Interview with Jo-Anne McArthur on Animals in Tourism

Interview with Jo-Anne McArthur / We Animals

Jo-Anne McArthur is one of my idols. She has made it her life’s mission to speak out for those who have no voice, the animals. Jo-Anne is an award-winning photojournalist, author, and activist from Canada who has traveled for the last decade across all seven continents to document the plight of animals. She is the founder of the We Animals project, which displays photographs depicting how animals live in our human environment. Photographs and stories from We Animals have been shot in over 40 countries and have contributed to over 100 campaigns to end the suffering and abuse of animals. Jo-Anne is also the subject and star of the thought-provoking documentary, The Ghosts In Our Machine. The film illustrates the lives of individual animals living within and rescued from the machine of our modern world through Jo-Anne’s heart and photographic lens. If you haven’t seen this movie yet, do yourself a favour and watch it, it’s amazing. As someone that I look up to, I was thrilled when Jo-Anne agreed to conduct an interview with me about the place of animals in tourism.

 

Interview with Jo-Anne McArthur / We Animals
An elephant awaits performance night at the circus. (Jo-Anne McArthur / We Animals)

 

Many tourists who participate in excursions involving animals actually love animals. How could they be doing more harm than good?

We’re just not taught to see much beyond our own noses. For many of us, loving animals means we’ll take the opportunity to look at them when we can, but without regard for the animal itself. Which is interesting, isn’t it, because we often look without really seeing, or without really thinking through what’s going on. Elephant rides are offered regularly in Southeast Asia, and that’s an unusual and exciting experience for people, but how does the elephant live? How was the elephant trained, and was she taken away from her family? There are so many questions we need to ask, but we might avoid those questions because we know the answers might be painful, and we also simply want the gratification of riding an elephant, or swimming with a dolphin.

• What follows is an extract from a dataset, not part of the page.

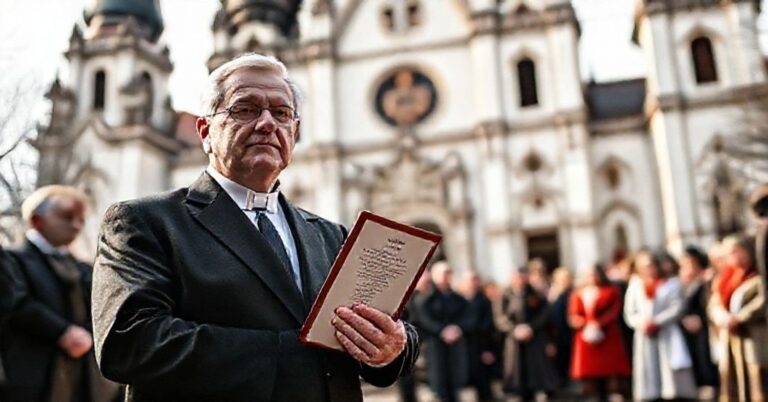 Prezydent Karol Nawrocki przed katedrą katolicką z konstytucją, sceny polityczne i duchowe kryzysu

Interview with Jo-Anne McArthur / We Animals
Rescued elephant at Elephant Nature Park in Thailand along with a butterfly! (Jo-Anne McArthur / We Animals)

There is, of course, a great way to express our love for animals. We can help them and create better lives for them, if we’ve done our research and see that the lives of the animals in question aren’t great. We can visit sanctuaries instead, for example. Using elephant as an example again, there’s a great sanctuary in Thailand called Elephant Nature Park, and the difference between this place and others is that the needs of the elephants are put first. Before profit, before human curiosity. When you’re putting money into an industry that uses animals for entertainment, it perpetuates the problem. With a little digging, there are always more animal-friendly places to visit.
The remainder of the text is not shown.